2. Which of the following need not necessarily be saved on a context switch between processes? (GATE CS 2000)

(a) General purpose registers
(b) Translation look-aside buffer
(c) Program counter
(d) All of the above

Answer: (b)
Explanation:
In a process context switch, the state of the first process must be saved somehow, so that, when the scheduler gets back to the execution of the first process, it can restore this state and continue.

The state of the process includes all the registers that the process may be using, especially the program counter, plus any other operating system specific data that may be necessary.

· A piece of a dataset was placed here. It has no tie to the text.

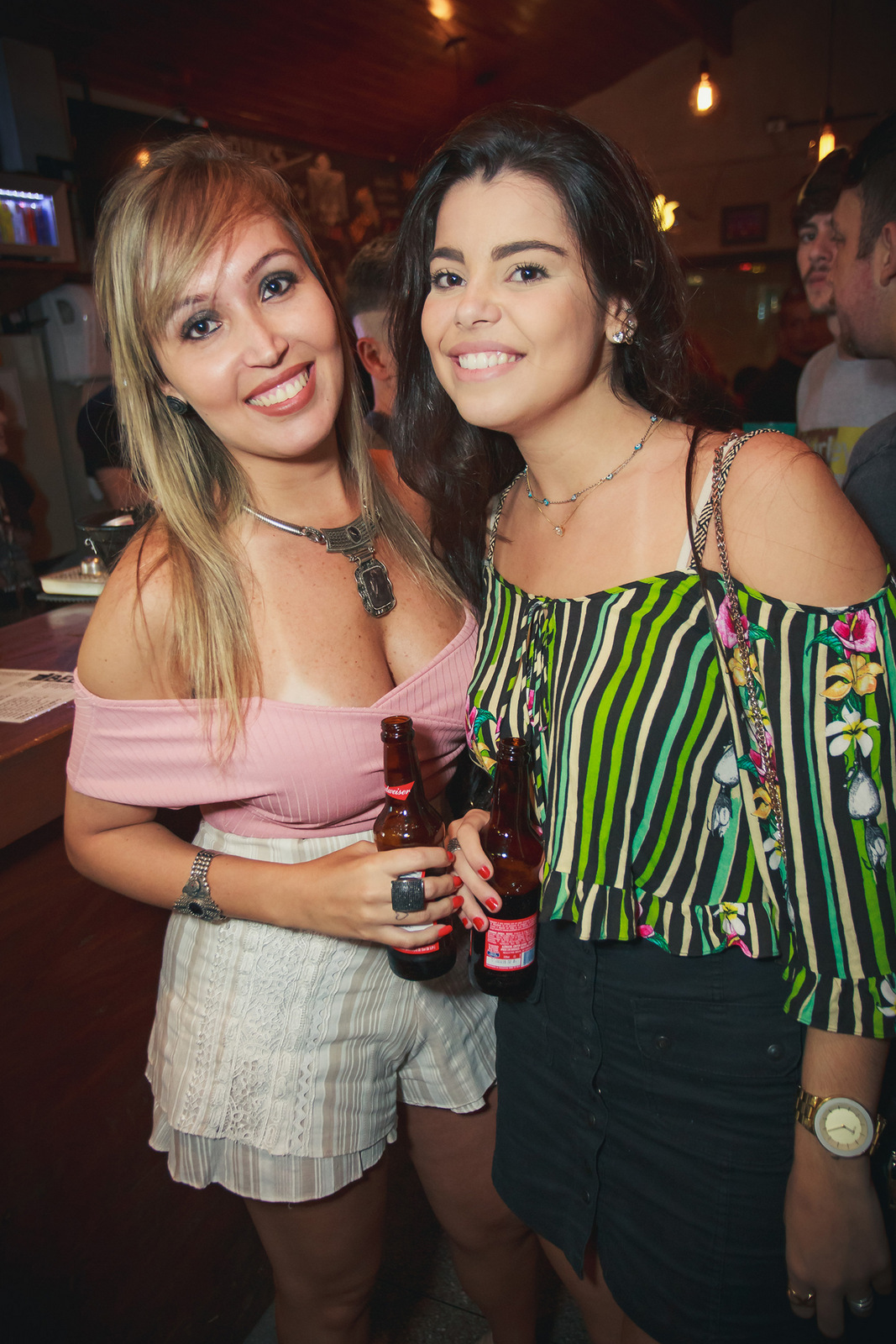 Renata França e Júlia Oliveira na noite festiva da Danke Club Foto: Gutah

A Translation lookaside buffer (TLB) is a CPU cache that memory management hardware uses to improve virtual address translation speed. A TLB has a fixed number of slots that contain page table entries, which map virtual addresses to physical addresses. On a context switch, some TLB entries can become invalid, since the virtual-to-physical mapping is different. The simplest strategy to deal with this is to completely flush the TLB.
References:
http://en.wikipedia.org/wiki/Context_switch
http://en.wikipedia.org/wiki/Translation_lookaside_buffer#Context_switch


3. Where does the swap space reside ? (GATE 2001)

(a) RAM
(b) Disk
(c) ROM
(d) On-chip cache
Answer: (b)
Explanation:
Swap space is an area on disk that temporarily holds a process memory image. When physical memory demand is sufficiently low, process memory images are brought back into physical memory from the swap area. Having sufficient swap space enables the system to keep some physical memory free at all times.
References:
http://docs.hp.com/en/B2355-90672/ch06s02.html


4. Which of the following does not interrupt a running process?
(GATE CS 2001)
(a) A device
(b) Timer
(c) Scheduler process
(d) Power failure

Answer: (c)
Explanation:
Scheduler process doesn’t interrupt any process, it’s Job is to select the processes for following three purposes.
Long-term scheduler(or job scheduler) –selects which processes should be brought into the ready queue
Short-term scheduler(or CPU scheduler) –selects which process should be executed next and allocates CPU.
Mid-term Scheduler (Swapper)- present in all systems with virtual memory, temporarily removes processes from main memory and places them on secondary memory (such as a disk drive) or vice versa. The mid-term scheduler may decide to swap out a process which has not been active for some time, or a process which has a low priority, or a process which is page faulting frequently, or a process which is taking up a large amount of memory in order to free up main memory for other processes, swapping the process back in later when more memory is available, or when the process has been unblocked and is no longer waiting for a resource.


5. Which of the following scheduling algorithms is non-preemptive? (GATE CS 2002)

a) Round Robin
b) First-In First-Out
c) Multilevel Queue Scheduling
d) Multilevel Queue Scheduling with Feedback

Answer: (b)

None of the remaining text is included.